#### Exercise aim:
Word for word, retype every line of the data.

#### Data provided:
Start of Block

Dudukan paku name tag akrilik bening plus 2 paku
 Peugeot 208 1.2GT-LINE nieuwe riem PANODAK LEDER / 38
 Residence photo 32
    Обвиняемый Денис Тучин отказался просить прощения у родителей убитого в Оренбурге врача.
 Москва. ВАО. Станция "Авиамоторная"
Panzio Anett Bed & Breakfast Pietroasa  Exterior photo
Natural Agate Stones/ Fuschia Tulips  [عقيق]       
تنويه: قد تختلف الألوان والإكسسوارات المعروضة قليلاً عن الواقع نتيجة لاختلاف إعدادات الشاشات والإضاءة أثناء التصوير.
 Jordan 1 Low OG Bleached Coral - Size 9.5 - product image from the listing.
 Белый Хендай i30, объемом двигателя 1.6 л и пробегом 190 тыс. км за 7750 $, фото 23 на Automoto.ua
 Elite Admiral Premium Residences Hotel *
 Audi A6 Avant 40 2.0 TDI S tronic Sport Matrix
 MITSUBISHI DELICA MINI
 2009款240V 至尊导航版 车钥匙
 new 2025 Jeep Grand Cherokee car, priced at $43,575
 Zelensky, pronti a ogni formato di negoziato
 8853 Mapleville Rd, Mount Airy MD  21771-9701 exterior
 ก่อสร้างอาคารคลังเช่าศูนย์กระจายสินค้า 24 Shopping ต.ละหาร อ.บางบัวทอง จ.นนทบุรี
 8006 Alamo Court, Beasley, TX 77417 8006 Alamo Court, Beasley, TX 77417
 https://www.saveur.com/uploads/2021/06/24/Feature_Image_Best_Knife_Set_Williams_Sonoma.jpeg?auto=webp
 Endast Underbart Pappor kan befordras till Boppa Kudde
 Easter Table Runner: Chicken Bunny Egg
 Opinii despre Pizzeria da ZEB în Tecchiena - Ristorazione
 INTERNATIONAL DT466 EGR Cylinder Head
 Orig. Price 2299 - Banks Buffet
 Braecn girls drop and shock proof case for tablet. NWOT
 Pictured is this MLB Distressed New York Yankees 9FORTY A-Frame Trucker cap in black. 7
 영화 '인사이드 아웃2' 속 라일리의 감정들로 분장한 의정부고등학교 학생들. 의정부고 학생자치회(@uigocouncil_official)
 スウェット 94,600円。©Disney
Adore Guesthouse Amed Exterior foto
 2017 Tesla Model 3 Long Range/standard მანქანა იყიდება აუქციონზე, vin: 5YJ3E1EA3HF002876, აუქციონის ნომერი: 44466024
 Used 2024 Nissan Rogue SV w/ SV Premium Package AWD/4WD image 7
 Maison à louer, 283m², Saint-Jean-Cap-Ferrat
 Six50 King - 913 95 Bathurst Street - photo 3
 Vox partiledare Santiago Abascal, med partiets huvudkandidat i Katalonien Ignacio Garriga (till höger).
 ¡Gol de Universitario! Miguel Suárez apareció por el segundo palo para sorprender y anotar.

End of Block

#### Final answer:
Dudukan paku name tag akrilik bening plus 2 paku
 Peugeot 208 1.2GT-LINE nieuwe riem PANODAK LEDER / 38
 Residence photo 32
    Обвиняемый Денис Тучин отказался просить прощения у родителей убитого в Оренбурге врача.
 Москва. ВАО. Станция "Авиамоторная"
Panzio Anett Bed & Breakfast Pietroasa  Exterior photo
Natural Agate Stones/ Fuschia Tulips  [عقيق]       
تنويه: قد تختلف الألوان والإكسسوارات المعروضة قليلاً عن الواقع نتيجة لاختلاف إعدادات الشاشات والإضاءة أثناء التصوير.
 Jordan 1 Low OG Bleached Coral - Size 9.5 - product image from the listing.
 Белый Хендай i30, объемом двигателя 1.6 л и пробегом 190 тыс. км за 7750 $, фото 23 на Automoto.ua
 Elite Admiral Premium Residences Hotel *
 Audi A6 Avant 40 2.0 TDI S tronic Sport Matrix
 MITSUBISHI DELICA MINI
 2009款240V 至尊导航版 车钥匙
 new 2025 Jeep Grand Cherokee car, priced at $43,575
 Zelensky, pronti a ogni formato di negoziato
 8853 Mapleville Rd, Mount Airy MD  21771-9701 exterior
 ก่อสร้างอาคารคลังเช่าศูนย์กระจายสินค้า 24 Shopping ต.ละหาร อ.บางบัวทอง จ.นนทบุรี
 8006 Alamo Court, Beasley, TX 77417 8006 Alamo Court, Beasley, TX 77417
 https://www.saveur.com/uploads/2021/06/24/Feature_Image_Best_Knife_Set_Williams_Sonoma.jpeg?auto=webp
 Endast Underbart Pappor kan befordras till Boppa Kudde
 Easter Table Runner: Chicken Bunny Egg
 Opinii despre Pizzeria da ZEB în Tecchiena - Ristorazione
 INTERNATIONAL DT466 EGR Cylinder Head
 Orig. Price 2299 - Banks Buffet
 Braecn girls drop and shock proof case for tablet. NWOT
 Pictured is this MLB Distressed New York Yankees 9FORTY A-Frame Trucker cap in black. 7
 영화 '인사이드 아웃2' 속 라일리의 감정들로 분장한 의정부고등학교 학생들. 의정부고 학생자치회(@uigocouncil_official)
 スウェット 94,600円。©Disney
Adore Guesthouse Amed Exterior foto
 2017 Tesla Model 3 Long Range/standard მანქანა იყიდება აუქციონზე, vin: 5YJ3E1EA3HF002876, აუქციონის ნომერი: 44466024
 Used 2024 Nissan Rogue SV w/ SV Premium Package AWD/4WD image 7
 Maison à louer, 283m², Saint-Jean-Cap-Ferrat
 Six50 King - 913 95 Bathurst Street - photo 3
 Vox partiledare Santiago Abascal, med partiets huvudkandidat i Katalonien Ignacio Garriga (till höger).
 ¡Gol de Universitario! Miguel Suárez apareció por el segundo palo para sorprender y anotar.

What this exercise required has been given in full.